12 thoughts on “Guillermo del Toro’s Inspiration Machine”

  1. The energy in that Bleak House must be very depressing, I wonder how a man can spend lots of time in such a place. I was recently watching a youtube video about how Hollywood makes actors call upon the spirits of the dead (who are actually demons) in order to take over them during a acting role such that they are able to mimic a dead person with high acuracy. An example of this would be when Denzel Washington played Malcolm X, he said that he “prayed to Malcolm’s spirit” which is evil in the eyes of the LORD GOD.

    This same video exposed that many writers of Hollywood movies actually draw inspiration from the spirit world (demons) for their scripts, they call upon the spirits and ask for guidance and these demons communicate with them informing them on what they should write.

    This video also exposed comic book writers who were doing the same thing. I do not mean to sound suspicious but I would not be surprised if something similar was happening in that Bleak House and with its owner – this is just based on how he has invested in that place, it is like he has given his life to it or something.

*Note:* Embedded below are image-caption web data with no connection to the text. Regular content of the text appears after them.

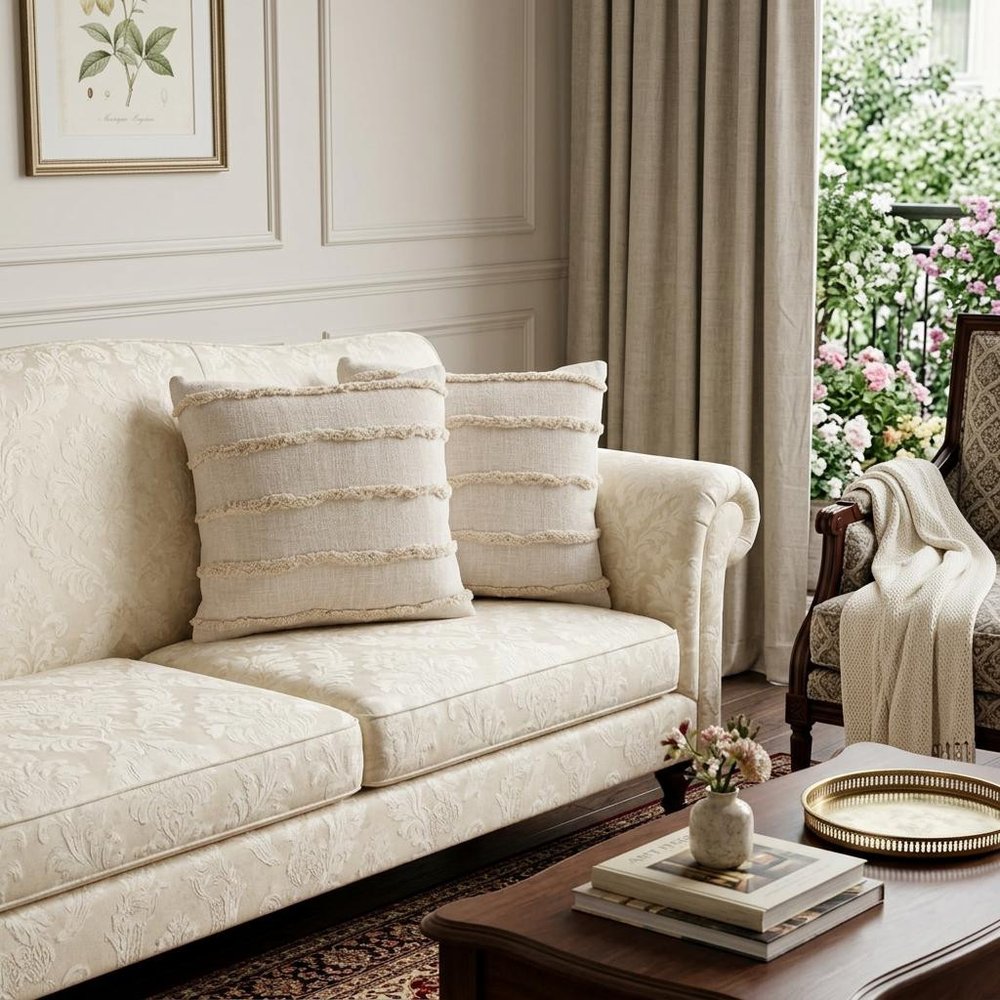 Set of Two Beige Ribbed Cotton Throw Pillow With Fringe in a home interior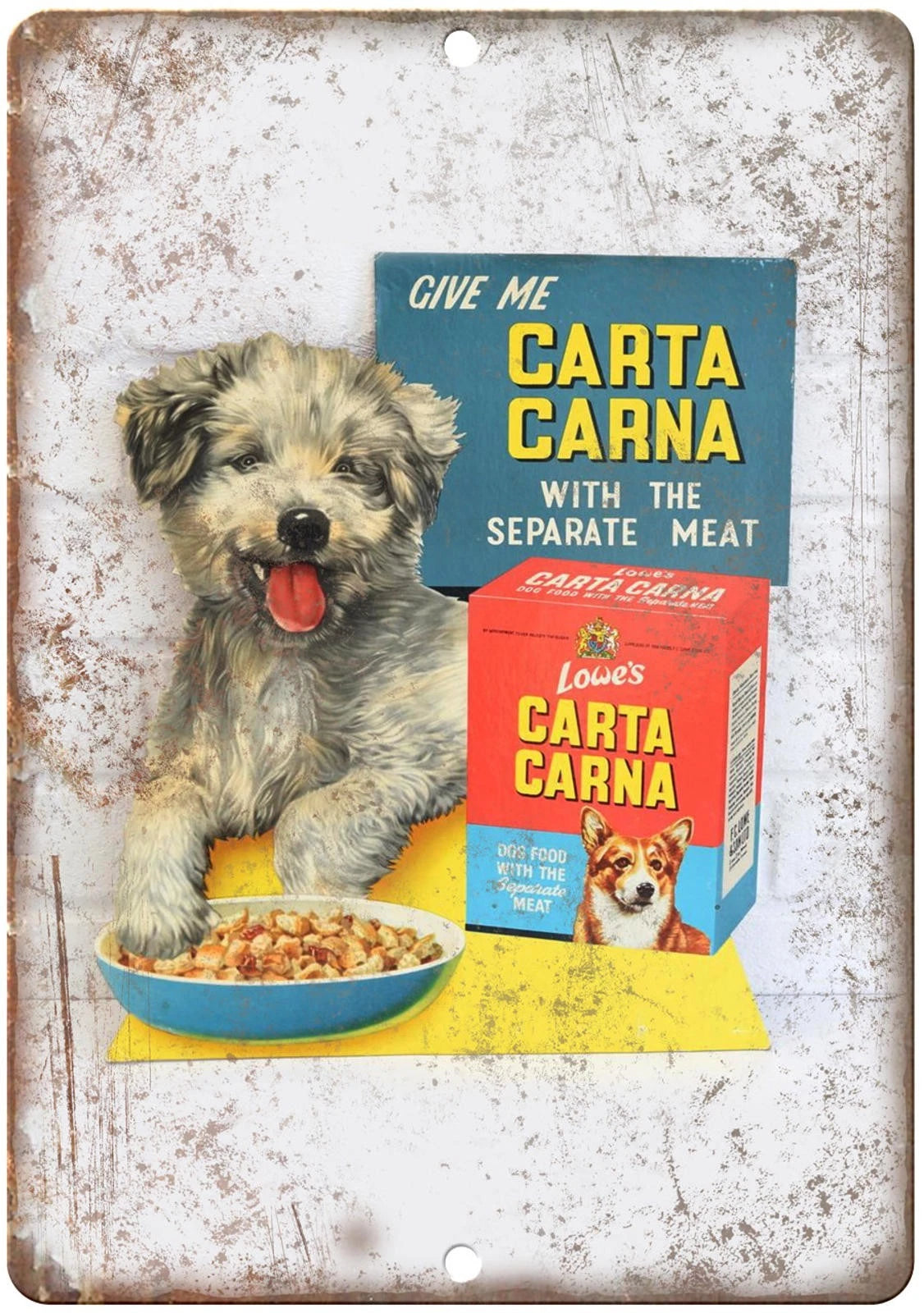 Vintage Dog Food Funny Reproduction Aluminum Sign — product artwork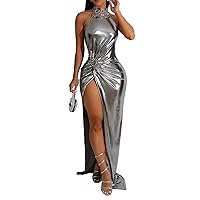 Women's Halter Rhinestone Sexy Metallic Shiny High Split Bodycon Floor-Length Cocktail Prom Party Dress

    Personally, I wouldn’t step into that Bleak House, I feel like all those evil looking shrines and all the horrific writing would pollute my mind and spirit just by being there without even looking at much.

    Reply
    • Your spirit must be weak to begin with if it could be so easily corrupted by the monsters of another man’s imagination.
      Also, please stop getting your information from YouTube videos. Do you have any idea how easy it is to come up with the idea for a movie. You insult the great writers and directors of history and the effort that went into their works, by chalking it up to pacts with imaginary demons. Just because you’ll never be famous, and you can’t write for shit, doesn’t mean everyone who is and can is connected to the devil, maybe they just do some things better than you.
      Do you really believe we’d need help from demons to create something as simple as a story? Your bible is a story. When’s the last time you read it? Instead of watched YouTubers talk about crazy conspiracy theories that have nothing to do with the Bible nor with reality.
      People like you are dangerous and detrimental to those around you and I want you to change, thank you.

      Reply
    • I would also like to say to the person posting this comment that they shouldn’t take Youtube videos as fact, and to accept the fact that people have different views about the concept of God and how we might know what such a being thinks.
      However, the replies are just as bad. Calling people morons, dumb, saying they “can’t write for shit” – do we really have to be so angry and insulting about this? You don’t need to be religious to live by your principles, but, do your own principles include angrily insulting people?
      If i were Cal Newport, i would delete both the comment and the replies – all of them are neither use nor ornament to anything.

      Reply
    • What’s depressing to one person is invigorating to another. In my office I have a variety of animal skulls, bones, dried frog and rodent carcasses, a few jars of coyote scatt, owl pellets, and the like. To most people it’s creepy–my desk is in fact used as a landmark in the office, described as “the creepy desk”. This has nothing to do with summoning evil spirits; it’s technically a comparison collection (and it’s a collection; cataloguing the material is something I greatly enjoy), a vital tool for any paleontologist but particularly one working with Quaternary vertebrates. I’ve also got my compass, some maps, a hand lens, some rock hammers, and the like scattered around my office, because that’s where I store the tools of my vocation when not in use.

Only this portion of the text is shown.